Yayın Tarihi:
20 Ocak 2019 Pazar 08:00:00
İklimin yapabilecekleri
İklim, toplumsal nabız ve insanların davranışlarının belirleyicilerindendir, bu sebeple; seçim, referandum gibi önemli politik faaliyetlerin öncesinde hava şartlarının “doğal” olup olmaması, milli güvenliği ilgilendirir. Fransız Devrimi’nde iklimin rolü bilinir ancak daha derinlikli analizlere ihtiyaç vardır. “Daniel 2:44”, “Levililer 26:4” ve “Markos 4:36-41” gibi kutsal kitaplardaki ayetler de ülkemizde bu kapsamda ele alınmış değildir.
Kötü hava şartları, aşırı soğuk ve seller, insanın başta gıda olmak üzere her şeye erişimini olumsuz yönde etkiler. İnsanların ihtiyaçları, üst üste dizilmiş küplere benzer, en altta gıda bulunur. Bunu çekerseniz geriye bir şey kalmaz. Terör ve kargaşa, dünyanın en müreffeh ülkesine dahi en fazla üç öğün yemek uzaklığındadır.
Yalnızca asker ve istihbaratçılardan müteşekkil savaş odaları ömrünü doldurmak üzeredir. Yeni savaş odalarında meteorologlar, iklim ve tarım mühendisleri de olacaktır. Olağan olmayan hava olayları, iklim ifsadı ve tarımsal ifsatlar, gelecekte savaş sebebi olacaktır.
İklim, insanın ihtiyaçlarının planlanmasında ana unsurdur. Ana unsurun gizlice, ülkenin bilgisi haricinde manipüle edilmesi, ekili alanların uzun zamandır verdikleri verimi vermelerini imkânsız kılacağı için kıtlığa bağlı açlık yaşanmasına sebep olacaktır.
Gıda üretiminde en büyük etkenin kuraklık olduğuna dair küresel yaygın yanlış kanaat giderek değişecek, aşırı yağmurlarla da bir ülkenin aç bırakılabileceği görülecektir.
İklimin en önemli ve doğrudan etkisi tarım üzerinedir. İklimdeki yanıltıcı ve tahmini güç değişiklikler, yerel çiftçilerden uluslararası tarım işletmeciliğine kadar her büyüklükteki tarımsal planlamayı iptal eder. Yağışsızlık, aşırı yağış, düzensiz ve zamansız yağış, aşırı sıcaklık, düzensiz ve zamansız sıcaklık, tarımsal verimi hızla düşürür, insanları yeni bölge arayışına sokar, kitlesel göçlere sebep olabilir.

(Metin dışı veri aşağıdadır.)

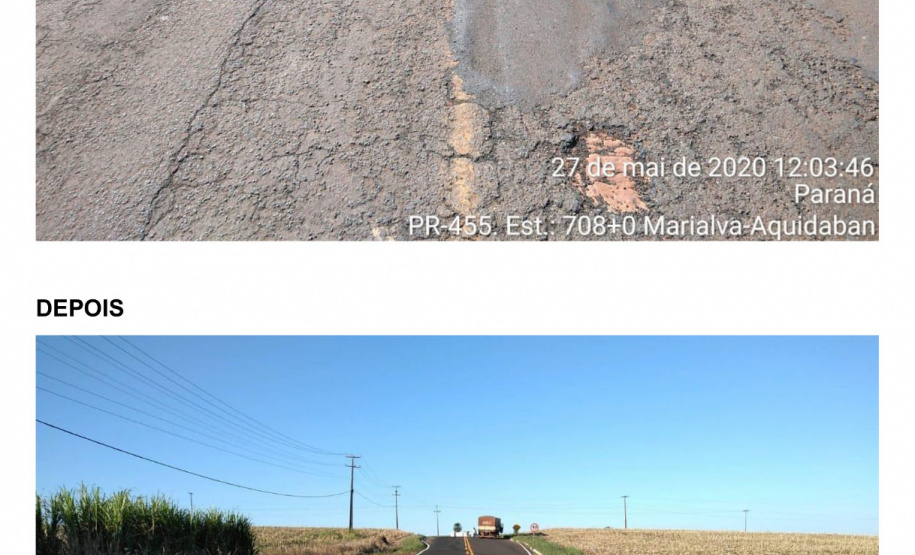 Ligação entre Marialva e o distrito de Aquidaban recebe melhorias . Foto:DER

Genel anlamda insanlığın, mikro düzeyde ise her bir ülkenin sosyal, ekonomik, askeri, tarımsal vb düzeni, mevcut iklim düzenine dayanmaktadır. Köprü, tünel, yol, havaalanı, elektrik hatları gibi her türlü inşa ve tesiste mevsim normalleri dikkate alınır. Mevcut iklimsel sistemi değiştirmek isteyenlerle bu sistemi sürdürmek isteyenler arasındaki mücadele insanın emniyet algısını, ezberleri altüst edecek şekilde değiştirecektir.
İklimin manipülasyonu, refahın dağılımında değişmelere ve bunun sonucunda politik gerilime, krizlere ve hatta savaşlara yol açabilir. Tarih, uygun iklim şartları altında doğmuş ancak daha sonra sel veya aşırı kuraklık sebebiyle yok olup gitmiş uygarlık hikâyeleriyle doludur.
İnsanın elbisesi iklimidir. Gıda, su, enerji, konut, refah hepsi büyük ölçüde iklim şartları ile ilgilidir. İklim; bitki, hayvan ve insanın hemen her faaliyetini etkiler. Sosyal, politik, ekonomik, askeri vs faaliyetlere imkân vermeyen iklim şartları altında bir medeniyet inşasından ve hatta normal bir yaşamdan bile söz edilemez.
“Küre çapında kaydedilen gelişmeler, iklim ve çevre sorunları hakkında haber ve bilgi servisi” sağlamakla vazifeli İngiliz Earthscan Ajansı’nın (Yıl 1979, Raporun ISBN No: 0-905347-12-9) 40 yıl önce “Uluslararası bir topluluk, insanlığın refahını zedeleyecek suni iklim değişikliklerini önlemeli” çağrısı giderek kıymetli hale gelecektir.
Alman tarihçi Ronald D. Gerste “İklim tarih yazar” demiş, hayır, bu yanlış, iklim tarih yazmaz, tarihi “yapar”.